IN RE: TERRORIST ATTACKS ON SEPTEMBER 11, 2001.
Al Qaeda Islamic, et al., 02 Civ. 6977 (GBD) (FM) This decision relates to: Ashton, et al. Burnett
Al Baraka, 03 Civ. 9849 (GBD) (FM) Federal Insurance Co.
Al Qaida, 03 Civ. 6978 (GBD) (FM) O'Neill
Al Baraka Investment & Devel. Corp., 04 Civ. 1923 (GBD) (FM) Continental Casualty Co.
Al Qaeda, 04 Civ. 5970 (GBD) (FM) Cantor Fitzgerald & Co.
Akida Bank Private Ltd., 04 Civ. 7065 (GBD) (FM) Euro Brokers, Inc.
Al Baraka Investment & Devel. Corp., 04 Civ. 7279 (GBD) (FM)
MEMORANDUM DECISION AND ORDER
FRANK MAAS, Magistrate Judge.
I. Introduction and Background
This litigation, now in its tenth year, consolidates personal injury and property damage claims against various terrorist organizations, Islamic charities, and foreign banks, arising out of their alleged involvement in the terrorist attacks on September 11, 2001. The case has a complex and sprawling procedural history, which has seen a number of dismissals, default judgments, and two trips to the Court of Appeals. There has been no shortage of disputes regarding discovery, which continues to proceed at a deliberate pace.
In February, the Plaintiffs submitted a privilege log in response to the document requests of a number of the defendants, including the Al Haramain Islamaic Foundation, Inc. (USA), Dubai Islamic Bank, International Islamic Relief Organization, Muslim World League, Sana-Bell, Inc., Sanabel Al Kheer, World Assembly of Muslim Youth/World Assembly of Muslim Youth International, Wael Jelaidan, and Perouz Sedaghaty (collectively, "Defendants"). The Defendants have moved to compel production of two categories of documents identified in the log, which they contend have been improperly withheld from disclosure: (a) correspondence with government agencies relating to document requests the Plaintiffs made pursuant to the Freedom of Information Act ("FOIA"), 5 U.S.C. § 552, et seq., and (b) documents deemed confidential that Plaintiffs' counsel obtained in connection with their representation of separate, unrelated parties in Linde, et al. v. Arab Bank, PLC , No. 04-CV-2799 (NG) (VVP), a case currently pending before Judge Gershon in the Eastern District of New York.

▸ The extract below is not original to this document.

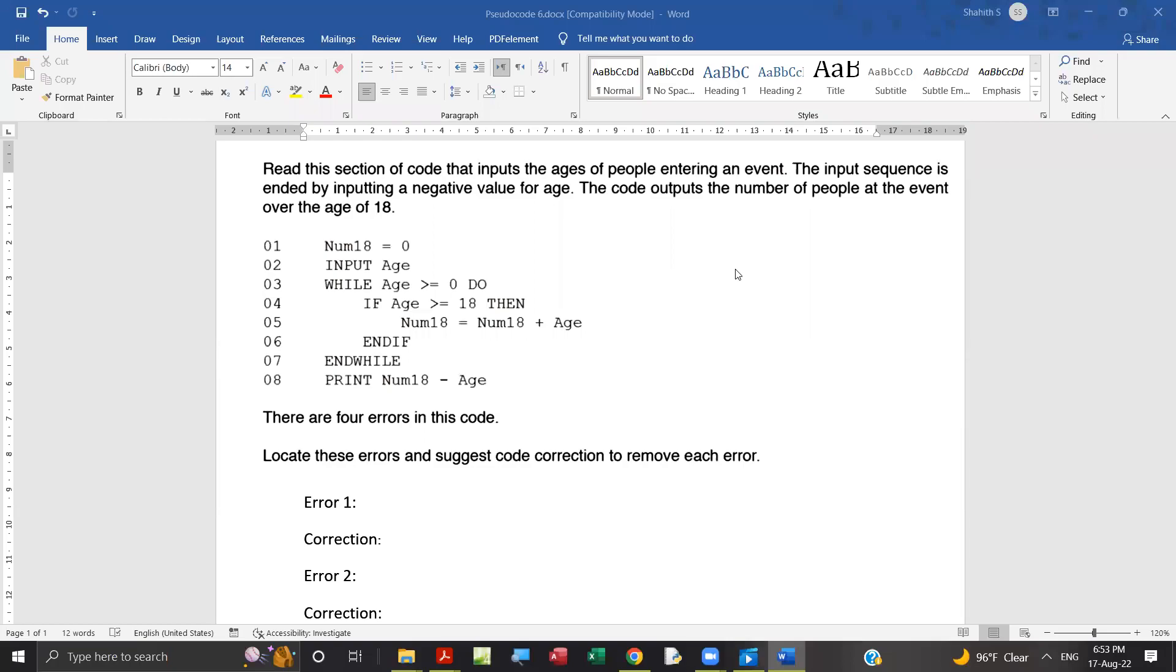Hello students. This is a new question to find errors in a pseudocode and to correct it.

For reasons that are explained below, the motion is granted in part and denied in part.
A. FOIA Correspondence
The FOIA correspondence consists of three types of documents: (1) letters from Plaintiffs' counsel to various government agencies requesting documents pursuant to FOIA ("FOIA Requests"), (2) letters or other communications from the government acknowledging and responding to the Plaintiffs' FOIA requests ("FOIA Responses"), and (3) the actual documents received in response to the Plaintiffs' FOIA requests ("Underlying Documents"). The Plaintiffs concede that the Underlying Documents are not privileged and have agreed to produce all such documents that have not already been disclosed. (Pl.'s' Opp. Let. at 3, 6). They take a different position with respect to the FOIA Requests and Responses, maintaining that those documents are exempt from disclosure because they contain details about their attorneys' mental impressions, thoughts, legal theories, and priorities concerning which documents and issues to pursue. (Id. at 4). Because the FOIA Requests and Responses allegedly tend to reveal counsels' confidential strategies about "which subjects to research, which documents to collect, and which documents and issues to prioritize, " the Plaintiffs argue that requiring production would unfairly prejudice them by supplying the Defendants with a "roadmap" to their case. (Id. at 6).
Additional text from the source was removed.